Chitral River has diversity in the riverbed, channel gradient, and channel width. The river valley is broad, having a mild incline and sidelong disintegration at certain upper reaches. Furthermore, the stream valley of Chitral is thin and is characterized by horizontal and vertical disintegration. The whole area of Chitral is a sloping landscape. This area has significant flood-causing factors, such as snow, liquefying glaciers, and high amounts of monsoon rain. The immediate effects of obliterating floods include human, property, and infrastructure loss. The degraded sub-tropical scour woods secure the low-elevation regions, while temperate forests secure the higher height zones. However, the study region is presented with numerous hydro-meteorological calamities, mostly flash floods and riverine floods [37,39].

3. Collection and Preparation of Data

3.1. Inventory of Flash Floods

The accuracy of established flash flood susceptibility maps is significantly impaired by the inaccurate mapping of previous flash flood events. To forecast potential flash flood events in a city, records of the area’s previous flash flood events must be available [40]. These events depend on many factors, including the distance from the river, drainage density, slope, elevation, rainfall, soil, geology, and land-use/cover activities. These factors are essential for planning the inventory of flash floods and the forecast of possible flash flood events. In this analysis, 300 flood and non-flood points were randomly chosen from the flooded region and low-flood-likelihood high-altitude areas used for training and testing data sets (Figure 1 and Figure 2). These points were arbitrarily split into 70% for training data points and 30% for validation purposes.

3.2. Conditioning Factors of Flash Floods

In order to achieve acceptable and the best outcomes, the most vital stage of any risk assessment and zonation is to select appropriate factors or decision criteria to get suitable and best results.
Natural disasters, such as floods, landslides, and cyclones, are mostly dependent on several conditions being present.

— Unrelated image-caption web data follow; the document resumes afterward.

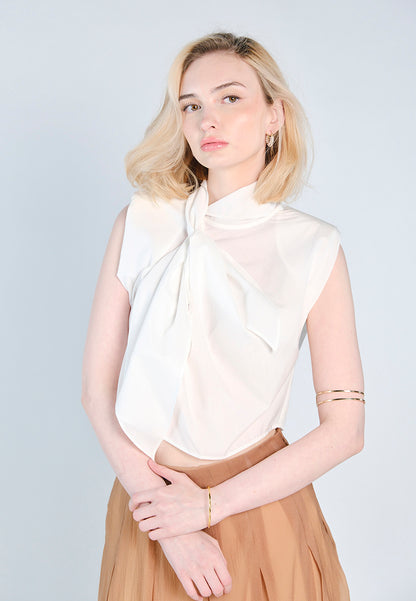 Raf Fowler Sleeveless Top (White)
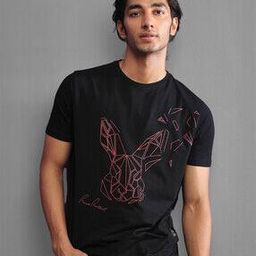 rare rabbit Graphic Print Crew-Neck T-Shirt-picture-10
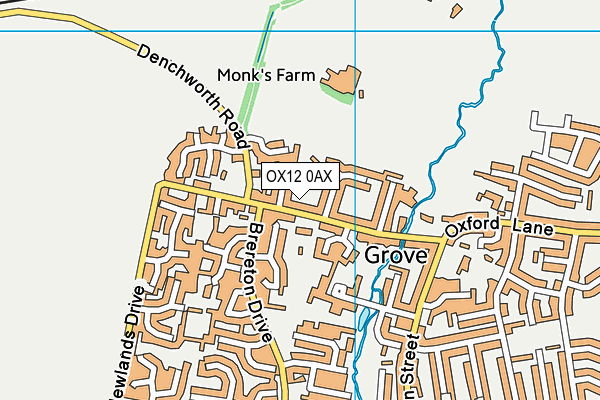 OX12 0AX map - OS VectorMap District (Ordnance Survey) OX12 0AX map - OS VectorMap District (Ordnance Survey)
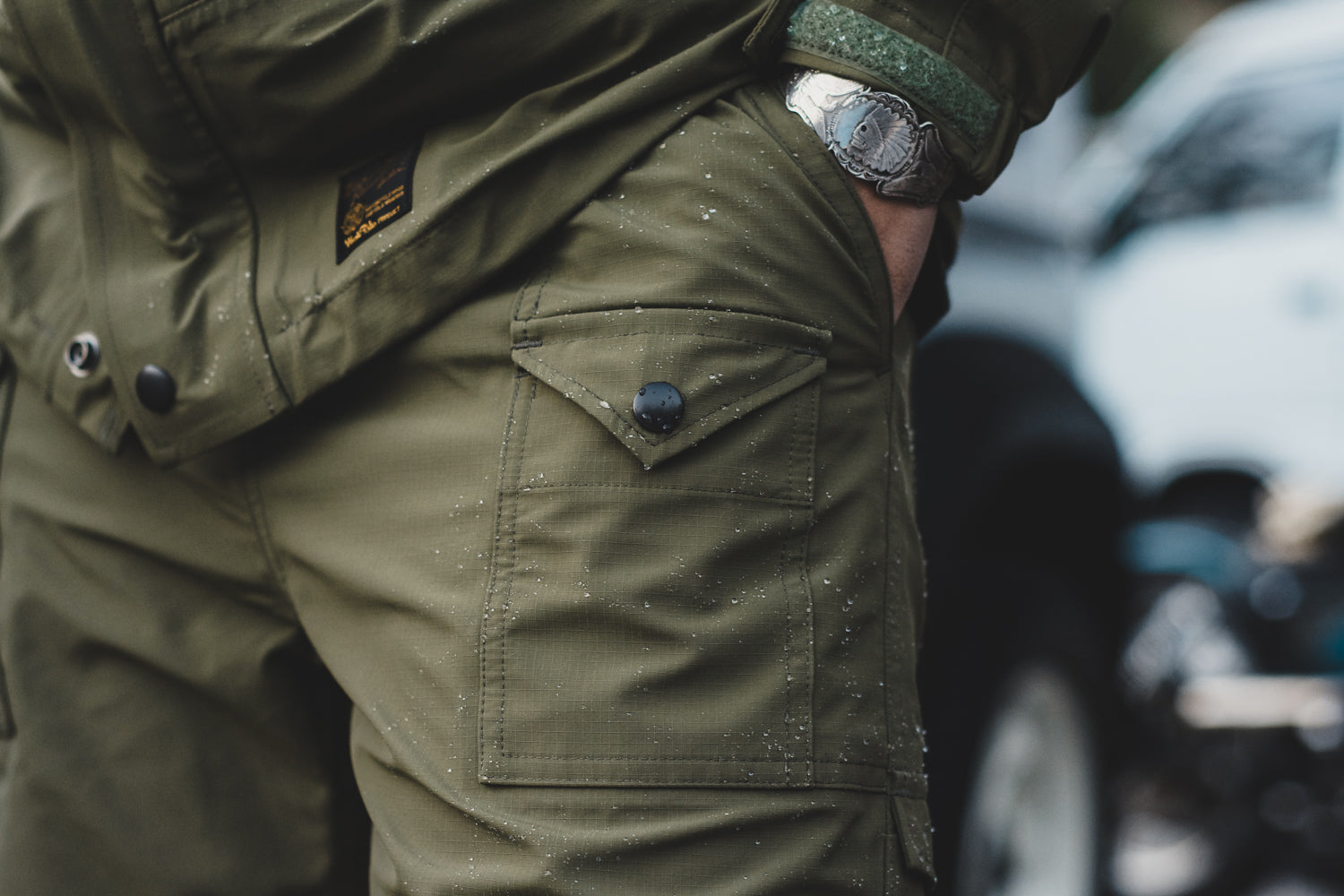 SUPPLEX PAN-AM RAIN PANTS - OLIVE - May club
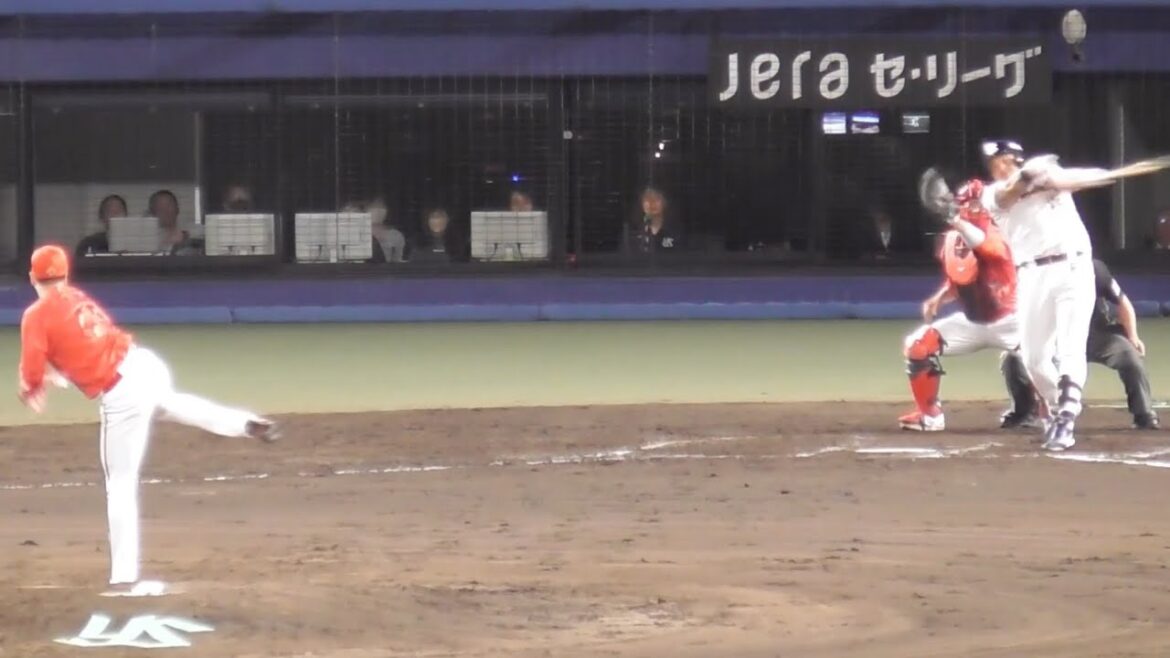 島内颯太郎、圧巻の13球！8回、村上、サンタナ、オスナを2奪三振の投球ハイライト！2024年5月14日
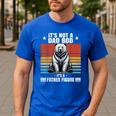It's Not A Dad Bod It's Father Figure Bear Vintage Men's Casual T-Shirt Royal Blue It's Not A Dad Bod It's Father Figure Bear Vintage Men's Casual T-Shirt Royal Blue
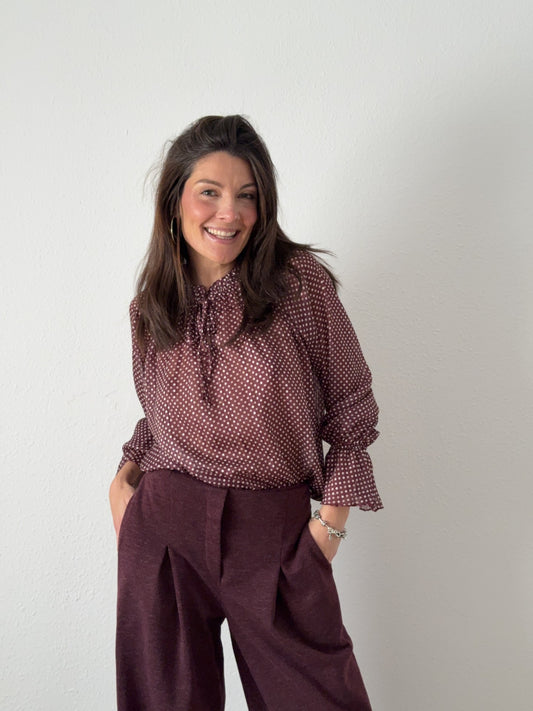 Camisa Lunar Granate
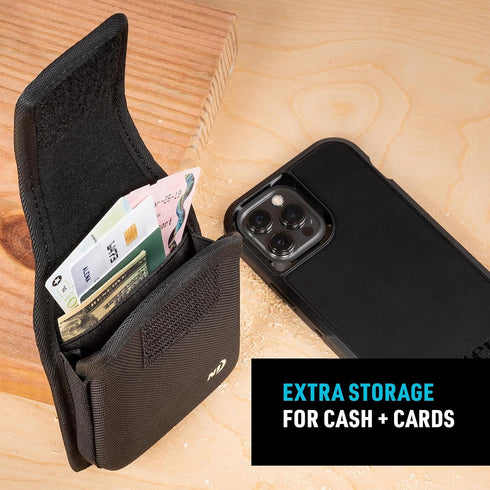 Nite Ize Clip Case Hardshell Universal Rugged Holster - Protective Phone Holder with Belt Clip - Phone Holster for Men's & Women's Belts - Utility...
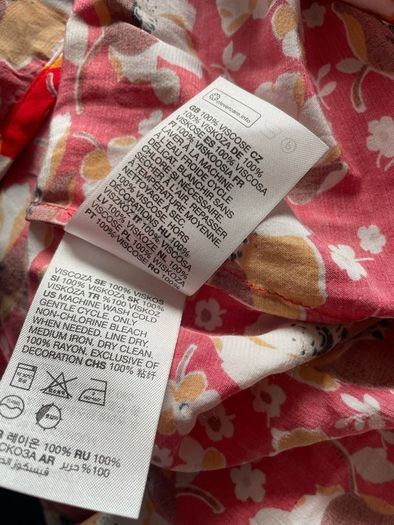 dress mini & Other Stories Printed Scallop Wrap Mini Dress Women's Red Floral size 10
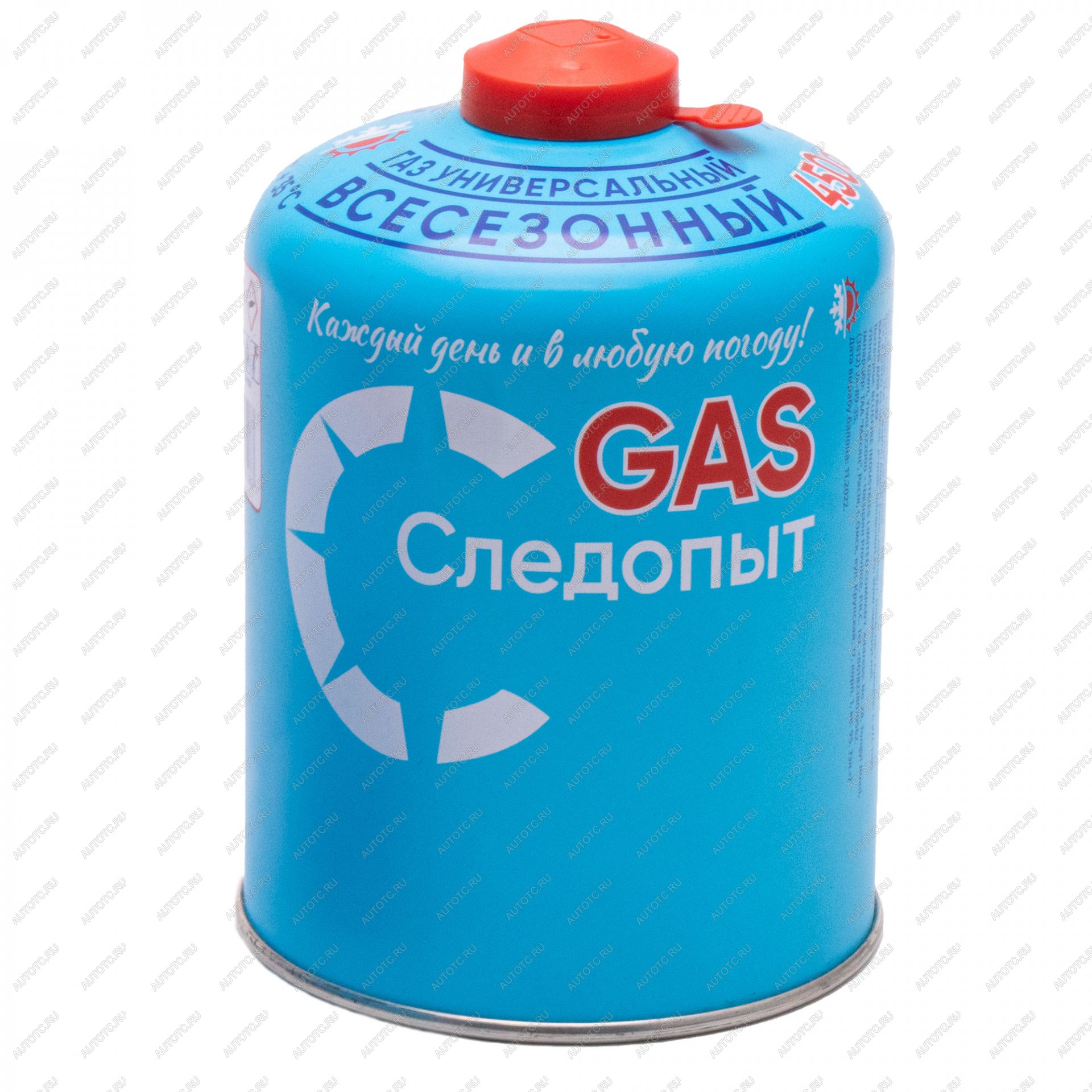 599 р. Баллон газовый резьбовой СЛЕДОПЫТ 450 гр., всесезонный СЛЕДОПЫТ pf-fg-450r  с доставкой в г. Воронеж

It is vital to select effective variables to map flood hazards based on any catchment area [16]. It is often seen as a complicated challenge to choose parameters to create flood susceptibility maps [12]. Therefore, a field survey was conducted to determine the most relevant flood-triggering variables. The most flood-prone areas were visited during a month-long field visit in 2015, and personal opinions from residents were collected, which played a constructive role in planning the inventory map. A total of eight parameters, namely, distance from the river, drainage density, slope, elevation, rainfall, soil, geology, and land use land cover (LULC), were included in the modeling in this report. All these maps were transformed to a 12.5 × 12.5 m pixel raster image (format), which was up to DEM resolution for the model studies (Table 1). The cell size of each parameter was kept as 12.5 m in the resampling method such that the overlay analysis would get the pixel at the same scale and the output was also the same as the input. The maps acquired at different scales were digitized and while converting them to the raster format, the resolution of the pixels was kept at 12.5 m. The reason for keeping the resolution at 12.5 m for all raster parameters was to match the pixel size. Most of the parameters were extracted from the DEM that had a resolution of 12.5 m, and all other parameters were brought to the same resolution. Below is a comprehensive overview of the mentioned variables.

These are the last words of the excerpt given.